The AP based its projections on information about cancelled business ventures, relocations, or expansions that would have benefitted the state economically, with numerical data obtained either from the businesses themselves or from state and local officials who had been working with companies to help them set up shop in the state. 

But the news organization also notes that it is likely underestimating the law’s true economic costs. For instance, a recent cancelled television production venture by Lionsgate was not included because of a lack of hard numbers on the economic impact of that project.

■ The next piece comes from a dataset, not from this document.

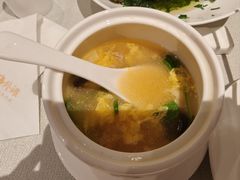 -品粹徽园·家常安徽菜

Among those scuttled business ventures that are included in the cost to the state are a cancelled expansion by PayPal, which would have employed over 400 workers and added an estimated $2.66 billion to the state’s economy, and a Deutsche Bank project that was expected to bring in more than $543 million into the state by the end of 2027. Other failed ventures scuttled over HB 2 include the relocation of a CoStar facility that would have employed 732 workers to Richmond, Va., instead of Charlotte, which is estimated to have cost the state at least $250 million, and of a Voxpro facility that would have employed 500 workers to Athens, Ga., instead of Raleigh, costing the state at least $52 million.

The AP’s analysis also estimated that the state lost more than $196 million due to the cancellation of various sporting events, conventions, concerts, and other events. That estimate is based on more than a dozen interviews with tourism officials and event planners in cities including Asheville, Charlotte, Greensboro, Raleigh, Manteo, Wilmington, Durham, and Fayetteville. State officials have been warned that that number could increase if the NCAA decides to pass by North Carolina as a potential host for various sports championships through the year 2022 because of the organization’s opposition to HB 2.

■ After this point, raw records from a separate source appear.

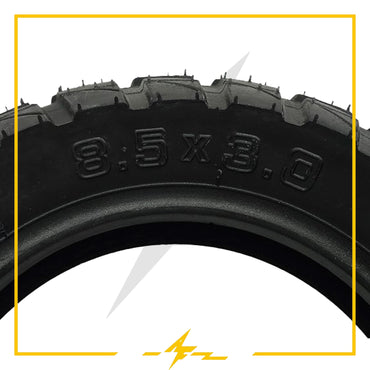 Cubierta rueda neumática para patinete eléctrico 8,5X3 (60/134) Offroad Xuanyang

recambios patinetes
repuestos de patinetes
accesorios patinete eléctrico
accesorios patinete
repuestos patinete
piezas de patinete eléctrico
piezas patinete electrico
accesorios patinete eléctrico
accesorios patinete
repuestos patinete
piezas de patinete eléctrico
piezas patinete electrico
ruedas patinete
taller del patinete
piezas de repuesto patinete eléctrico
af scooters 
myurbanscoot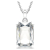 Swarovski Necklace - Millenia - 5725768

Supporters of the law — which eliminates all local ordinances protecting LGBTQ people in employment, housing, and public accommodations, and restricts the restrooms and other facilities that transgender people can access — have argued that the impact of these losses is minimal, and point to statistics showing the state’s economy is still rapidly expanding and that the state is a good place to set up a business. Lt. Gov. Dan Forest even testified before a Texas Senate committee in favor of a bill that would impose HB 2-style restrictions on the Lone Star State. According to Forest, the effect of the scuttled business opportunities is “minimal to the state.”

But according to the AP, North Carolina’s economy would be growing even faster if it had not been for the projects that were cancelled due to HB 2. And since those projects have moved on to other states, the money lost can never be recouped, the AP notes.

The Human Rights Campaign, which has lead calls for the repeal of HB 2, pounced on the AP’s analysis as yet another piece in a mounting pile of evidence that North Carolina lawmakers are working against their constituents’ best interests. 

“In light of the AP’s jaw-dropping new economic analysis, every North Carolina lawmaker should have to answer a simple question: Is discrimination worth nearly $4 billion dollars?” HRC President Chad Griffin said in a statement. “In addition to the personal suffering this bill has caused LGBTQ people over the last year, it has already inflicted incredible damage upon the state’s economy. It’s time for lawmakers to fully repeal HB2 once and for all, because the price of their inaction is simply too great.”